**EXERCISE**
For this exercise, restate every line below word for word and drop the images.

** RAW DATA follows **

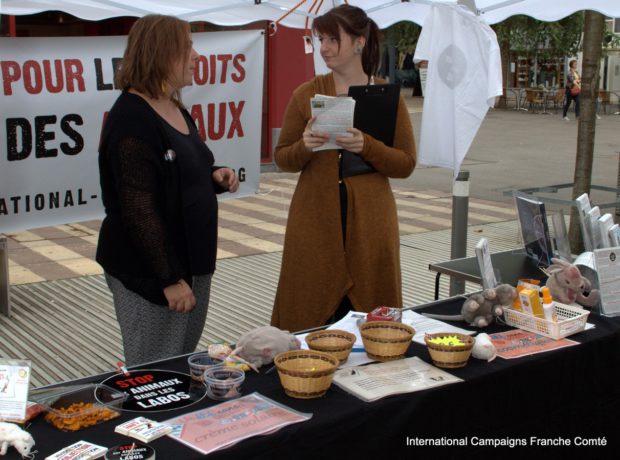 Un Été Sans Cruauté - Belfort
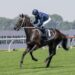 Waller sends Confederation south for fresh start in Vain Stakes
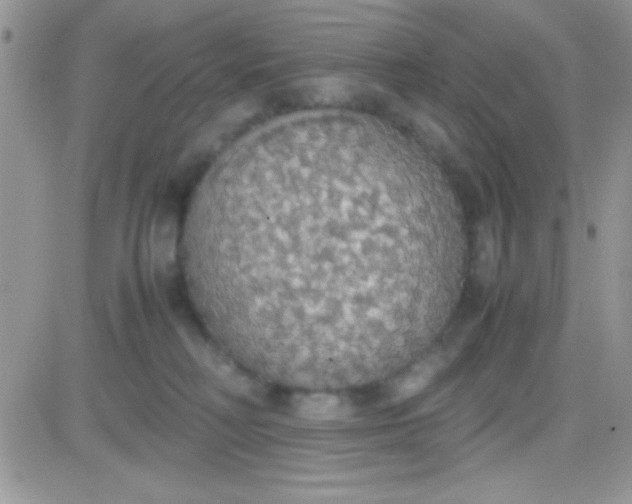 X0000081370230200701252022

** End of RAW DATA **

**COMPLETED TASK**
 Un Été Sans Cruauté - Belfort
 Waller sends Confederation south for fresh start in Vain Stakes
 X0000081370230200701252022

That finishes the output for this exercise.